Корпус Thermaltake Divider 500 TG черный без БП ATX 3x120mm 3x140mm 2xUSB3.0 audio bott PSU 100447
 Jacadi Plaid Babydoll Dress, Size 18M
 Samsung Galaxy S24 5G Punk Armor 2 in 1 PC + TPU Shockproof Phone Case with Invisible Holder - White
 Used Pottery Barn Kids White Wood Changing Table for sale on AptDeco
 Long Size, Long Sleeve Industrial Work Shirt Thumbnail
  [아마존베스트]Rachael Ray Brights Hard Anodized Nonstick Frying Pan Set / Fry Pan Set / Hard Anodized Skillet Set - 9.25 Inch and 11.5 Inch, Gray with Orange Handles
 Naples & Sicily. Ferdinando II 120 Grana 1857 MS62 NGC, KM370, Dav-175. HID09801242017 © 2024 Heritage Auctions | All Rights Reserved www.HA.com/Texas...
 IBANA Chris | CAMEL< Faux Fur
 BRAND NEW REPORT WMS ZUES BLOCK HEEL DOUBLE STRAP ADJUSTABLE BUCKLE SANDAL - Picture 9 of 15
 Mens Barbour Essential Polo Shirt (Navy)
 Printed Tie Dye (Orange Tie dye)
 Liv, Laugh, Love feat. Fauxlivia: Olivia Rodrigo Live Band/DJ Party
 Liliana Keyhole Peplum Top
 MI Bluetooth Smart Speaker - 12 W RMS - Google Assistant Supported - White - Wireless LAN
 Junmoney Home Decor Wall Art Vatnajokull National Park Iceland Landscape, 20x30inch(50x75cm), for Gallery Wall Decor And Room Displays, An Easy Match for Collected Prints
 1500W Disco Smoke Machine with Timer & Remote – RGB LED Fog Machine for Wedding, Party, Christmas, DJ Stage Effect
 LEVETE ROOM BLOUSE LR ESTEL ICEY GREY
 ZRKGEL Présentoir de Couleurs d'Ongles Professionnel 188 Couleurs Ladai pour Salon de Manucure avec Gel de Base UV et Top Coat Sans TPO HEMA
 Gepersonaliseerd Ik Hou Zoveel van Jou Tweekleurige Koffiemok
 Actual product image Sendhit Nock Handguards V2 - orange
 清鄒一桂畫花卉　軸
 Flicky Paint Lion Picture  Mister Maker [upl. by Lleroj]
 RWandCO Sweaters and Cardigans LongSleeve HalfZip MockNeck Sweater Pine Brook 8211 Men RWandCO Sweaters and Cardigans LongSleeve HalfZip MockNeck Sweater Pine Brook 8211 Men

TASK: Filter the records down to the lines containing the word "with", and copy those.

RESULT:
 Samsung Galaxy S24 5G Punk Armor 2 in 1 PC + TPU Shockproof Phone Case with Invisible Holder - White
  [아마존베스트]Rachael Ray Brights Hard Anodized Nonstick Frying Pan Set / Fry Pan Set / Hard Anodized Skillet Set - 9.25 Inch and 11.5 Inch, Gray with Orange Handles
 1500W Disco Smoke Machine with Timer & Remote – RGB LED Fog Machine for Wedding, Party, Christmas, DJ Stage Effect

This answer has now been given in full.